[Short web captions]
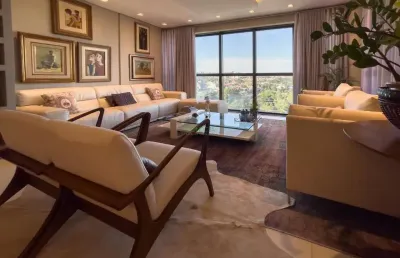 Apartamento com 4 quartos à venda na avenida adhemar pereira de barros, bela suiça, londrina por r$ 3.290.000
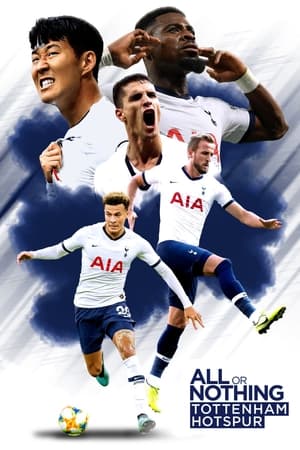 Image All or Nothing: Tottenham Hotspur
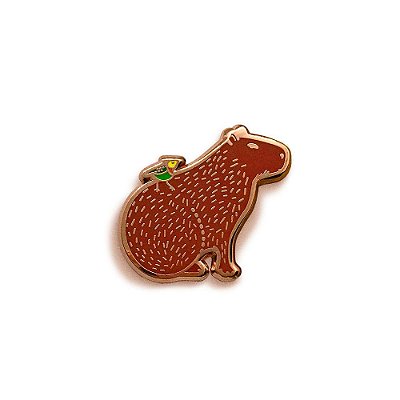 Pin Icebrg - Capivara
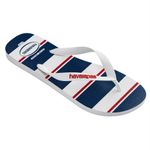 SandaliaTopNauticalBrancaeAzulHavaianas39/40-173770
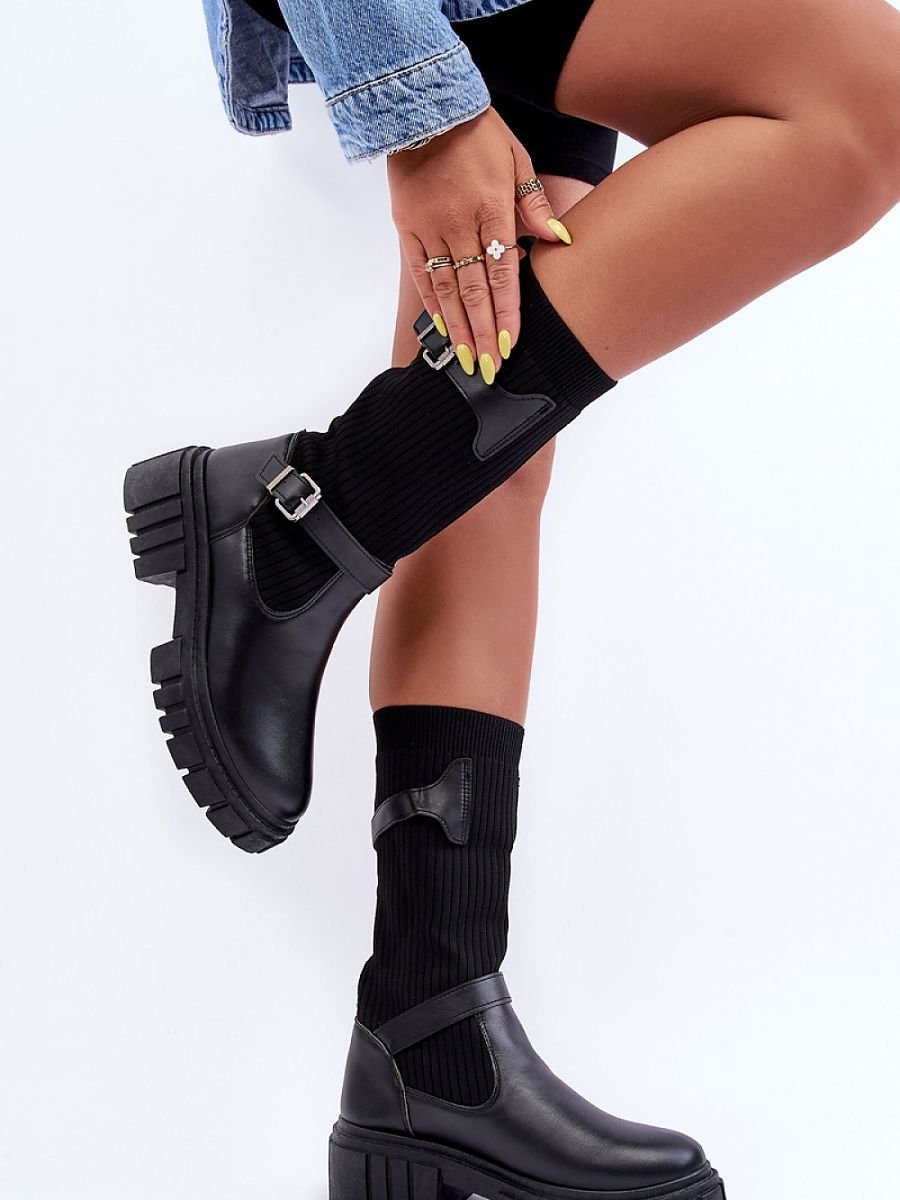Thigh-Hight Boots model 184046 Step in style — изображение 2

WHAT TO WORK ON: What must be output is the exact run of lines from the one holding "Image All or Nothing: Tottenham Hotspur" through the end of the entries above, both ends included, minus the pictures.

REPLY TO THE TASK:
 Image All or Nothing: Tottenham Hotspur
 Pin Icebrg - Capivara
 SandaliaTopNauticalBrancaeAzulHavaianas39/40-173770
Thigh-Hight Boots model 184046 Step in style — изображение 2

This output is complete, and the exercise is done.